Holy Well, Todmorden, West Yorkshire

Holy Well:  OS Grid Reference – SD 9344 2441

Getting Here

Now I aint been here for a few years, but it’s hopefully still where I last left it!  You need to get into the trees behind the Christ’s Church just out of the town centre, along the south-side of the Burnley valley road. (A646)  When you get to the footpath which runs just above the tree-line in the woods (it’s known locally as the ‘Lover’s Walk’ path), wander along for just a couple of hundred yards.  You’ll eventually get to the small spring of water and the tiny stream which runs down the slope, just to the left of the path. According to the old map I’ve got – that’s it!

Archaeology & History

This long-lost sacred well originally emerged a little bit further up the hill from where it is today.  Almost nothing is known about it.  Seemingly first highlighted in 1852, my first “discovery” of the place came as a result of going through some local old maps I’d had the fortune of obtaining.  In Victorian days when the site was much more prominent, the old road that took you into the woods was called Holy Well Lane.  Now, its memory has been subdued, and the old road is known simply as ‘Well Lane.’

A local writer, J.W. Crowther, mentioned the site in his local place-name survey, where he told that the Holy Well was a “name given to a well of excellent spring water” — but nothing more.  It was later mentioned in an article by J.A. Heginbottom [1988] who wrongly reported it as being “destroyed.”

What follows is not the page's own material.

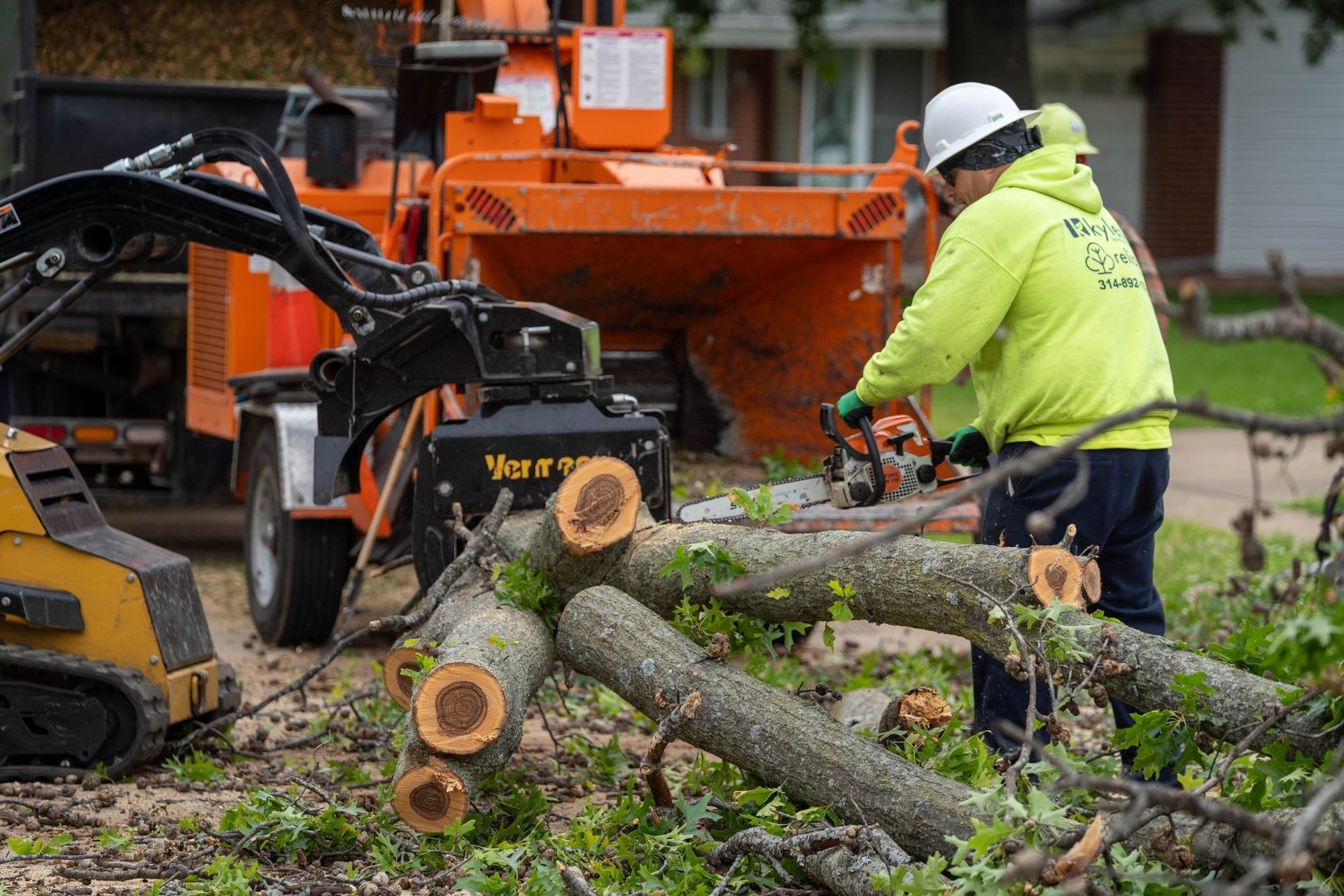 Man in a neon jacket uses a chainsaw to cut tree limbs near an orange wood chipper and skid steer.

Local tradition told that ‘memaws’ (offerings such as rags, coins, flowers, etc) used to be left here by local people in olden times, as offerings to pacify or give respect to the waters; although what time of the year these were left, and the nature of the resident deity, has all been forgotten.  In very recent years however, it seems that some modern NewAge-types are now visiting the place once again.


  1. Crowther, J.W., Place Names of Todmorden, privately printed: Todmorden (n.d.)
  2. Heginbottom, J.A., ‘Early Christian Sites in Calderdale’, in PHAS 1988.